ASSIGNED TASK ▸ Return only the stretch of the material below that begins with the line containing "File tranh gốc" and ends with the line containing "Performance Management in", exactly; both of those lines belong to it.

*** RECORDS PROVIDED ***

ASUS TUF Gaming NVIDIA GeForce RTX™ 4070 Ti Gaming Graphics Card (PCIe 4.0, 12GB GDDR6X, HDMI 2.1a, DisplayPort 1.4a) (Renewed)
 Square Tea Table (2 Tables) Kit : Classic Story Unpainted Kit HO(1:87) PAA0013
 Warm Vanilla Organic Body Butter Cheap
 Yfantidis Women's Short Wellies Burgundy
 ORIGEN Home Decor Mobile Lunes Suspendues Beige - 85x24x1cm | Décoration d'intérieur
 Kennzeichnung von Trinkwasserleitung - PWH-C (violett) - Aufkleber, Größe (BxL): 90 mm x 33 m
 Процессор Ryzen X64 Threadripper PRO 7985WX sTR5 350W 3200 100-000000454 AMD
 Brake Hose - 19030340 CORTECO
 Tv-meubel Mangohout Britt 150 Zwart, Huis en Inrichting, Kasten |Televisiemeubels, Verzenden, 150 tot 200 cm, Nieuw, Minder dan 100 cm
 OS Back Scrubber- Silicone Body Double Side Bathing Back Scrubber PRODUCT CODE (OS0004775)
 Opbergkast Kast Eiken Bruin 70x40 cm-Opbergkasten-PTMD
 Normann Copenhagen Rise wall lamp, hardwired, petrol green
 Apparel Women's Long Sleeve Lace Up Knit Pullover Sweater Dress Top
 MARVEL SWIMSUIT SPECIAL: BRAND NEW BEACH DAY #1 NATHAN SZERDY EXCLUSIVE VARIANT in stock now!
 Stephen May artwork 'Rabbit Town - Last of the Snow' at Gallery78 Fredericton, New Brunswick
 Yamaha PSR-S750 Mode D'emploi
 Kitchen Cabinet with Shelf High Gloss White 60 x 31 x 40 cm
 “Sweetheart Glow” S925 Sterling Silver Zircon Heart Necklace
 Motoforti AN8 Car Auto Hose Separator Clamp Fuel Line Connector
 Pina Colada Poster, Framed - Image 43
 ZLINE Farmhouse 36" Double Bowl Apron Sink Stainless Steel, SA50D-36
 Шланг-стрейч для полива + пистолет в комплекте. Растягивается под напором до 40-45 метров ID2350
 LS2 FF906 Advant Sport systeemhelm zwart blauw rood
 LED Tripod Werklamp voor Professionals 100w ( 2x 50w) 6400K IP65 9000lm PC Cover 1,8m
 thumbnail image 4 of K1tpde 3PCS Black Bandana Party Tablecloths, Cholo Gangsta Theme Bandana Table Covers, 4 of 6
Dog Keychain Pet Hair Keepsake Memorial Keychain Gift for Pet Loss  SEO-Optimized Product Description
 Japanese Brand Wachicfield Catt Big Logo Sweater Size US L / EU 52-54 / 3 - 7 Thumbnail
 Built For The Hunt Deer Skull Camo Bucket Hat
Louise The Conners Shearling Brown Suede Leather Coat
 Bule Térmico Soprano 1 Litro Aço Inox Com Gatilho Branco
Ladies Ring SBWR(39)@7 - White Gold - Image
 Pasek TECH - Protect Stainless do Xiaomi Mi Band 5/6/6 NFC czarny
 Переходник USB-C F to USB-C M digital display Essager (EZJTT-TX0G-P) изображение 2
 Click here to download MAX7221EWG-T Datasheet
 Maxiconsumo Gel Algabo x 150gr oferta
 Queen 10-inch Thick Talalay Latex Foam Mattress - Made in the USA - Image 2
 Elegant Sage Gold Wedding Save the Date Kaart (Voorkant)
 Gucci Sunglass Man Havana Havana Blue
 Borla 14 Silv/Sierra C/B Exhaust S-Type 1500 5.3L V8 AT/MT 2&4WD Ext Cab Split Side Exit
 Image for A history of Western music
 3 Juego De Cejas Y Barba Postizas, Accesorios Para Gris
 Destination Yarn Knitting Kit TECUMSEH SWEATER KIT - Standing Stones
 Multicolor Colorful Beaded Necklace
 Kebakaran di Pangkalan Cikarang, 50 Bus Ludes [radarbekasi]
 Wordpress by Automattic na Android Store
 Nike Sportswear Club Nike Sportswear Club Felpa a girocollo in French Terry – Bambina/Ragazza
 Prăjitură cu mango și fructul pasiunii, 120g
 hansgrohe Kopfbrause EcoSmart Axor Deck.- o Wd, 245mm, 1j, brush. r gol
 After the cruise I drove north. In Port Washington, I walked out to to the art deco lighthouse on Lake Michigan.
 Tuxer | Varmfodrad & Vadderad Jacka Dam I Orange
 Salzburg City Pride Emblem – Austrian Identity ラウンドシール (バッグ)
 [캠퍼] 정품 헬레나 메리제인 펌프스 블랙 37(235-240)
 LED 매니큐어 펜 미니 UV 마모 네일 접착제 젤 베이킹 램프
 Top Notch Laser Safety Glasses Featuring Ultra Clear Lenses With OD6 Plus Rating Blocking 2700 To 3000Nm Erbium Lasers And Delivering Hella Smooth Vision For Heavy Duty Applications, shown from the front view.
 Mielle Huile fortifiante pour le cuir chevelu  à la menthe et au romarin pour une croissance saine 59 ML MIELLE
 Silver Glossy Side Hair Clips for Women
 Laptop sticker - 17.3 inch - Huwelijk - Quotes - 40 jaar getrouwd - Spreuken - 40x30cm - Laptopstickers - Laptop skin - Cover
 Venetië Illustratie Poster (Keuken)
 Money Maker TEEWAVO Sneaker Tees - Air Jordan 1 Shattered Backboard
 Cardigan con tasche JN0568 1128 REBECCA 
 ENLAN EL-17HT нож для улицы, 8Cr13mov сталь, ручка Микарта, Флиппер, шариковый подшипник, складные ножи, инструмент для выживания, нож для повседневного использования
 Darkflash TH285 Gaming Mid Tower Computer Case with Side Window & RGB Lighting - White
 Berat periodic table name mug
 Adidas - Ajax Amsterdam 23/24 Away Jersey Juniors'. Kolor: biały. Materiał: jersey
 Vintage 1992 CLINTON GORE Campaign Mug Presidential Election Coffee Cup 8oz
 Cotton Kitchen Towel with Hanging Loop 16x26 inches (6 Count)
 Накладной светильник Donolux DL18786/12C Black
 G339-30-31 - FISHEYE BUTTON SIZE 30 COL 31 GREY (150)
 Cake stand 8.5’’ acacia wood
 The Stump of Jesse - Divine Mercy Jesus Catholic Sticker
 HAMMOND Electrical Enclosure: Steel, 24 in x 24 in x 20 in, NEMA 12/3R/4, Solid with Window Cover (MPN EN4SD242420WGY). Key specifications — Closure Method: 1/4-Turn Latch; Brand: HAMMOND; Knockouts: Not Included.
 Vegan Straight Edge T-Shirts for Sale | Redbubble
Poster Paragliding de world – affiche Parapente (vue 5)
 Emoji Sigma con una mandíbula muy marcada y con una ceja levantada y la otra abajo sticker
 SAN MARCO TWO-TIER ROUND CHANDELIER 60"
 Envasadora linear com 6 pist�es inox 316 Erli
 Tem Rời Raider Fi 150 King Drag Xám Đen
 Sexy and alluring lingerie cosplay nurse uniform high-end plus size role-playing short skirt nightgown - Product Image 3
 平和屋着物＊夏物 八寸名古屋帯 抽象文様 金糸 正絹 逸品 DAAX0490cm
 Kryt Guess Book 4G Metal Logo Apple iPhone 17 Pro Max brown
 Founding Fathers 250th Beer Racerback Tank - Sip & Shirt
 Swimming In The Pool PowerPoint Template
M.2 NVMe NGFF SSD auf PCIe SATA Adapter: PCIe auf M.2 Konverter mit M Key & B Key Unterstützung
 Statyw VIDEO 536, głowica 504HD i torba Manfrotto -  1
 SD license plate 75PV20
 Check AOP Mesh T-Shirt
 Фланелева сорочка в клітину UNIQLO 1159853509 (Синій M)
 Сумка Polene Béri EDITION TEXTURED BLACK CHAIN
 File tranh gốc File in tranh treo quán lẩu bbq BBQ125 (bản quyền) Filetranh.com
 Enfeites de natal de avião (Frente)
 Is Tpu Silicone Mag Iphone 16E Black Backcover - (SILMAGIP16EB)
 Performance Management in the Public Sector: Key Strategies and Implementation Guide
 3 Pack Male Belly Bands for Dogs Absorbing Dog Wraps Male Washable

*** End of RECORDS PROVIDED ***

EXERCISE OUTPUT ▸
 File tranh gốc File in tranh treo quán lẩu bbq BBQ125 (bản quyền) Filetranh.com
 Enfeites de natal de avião (Frente)
 Is Tpu Silicone Mag Iphone 16E Black Backcover - (SILMAGIP16EB)
 Performance Management in the Public Sector: Key Strategies and Implementation Guide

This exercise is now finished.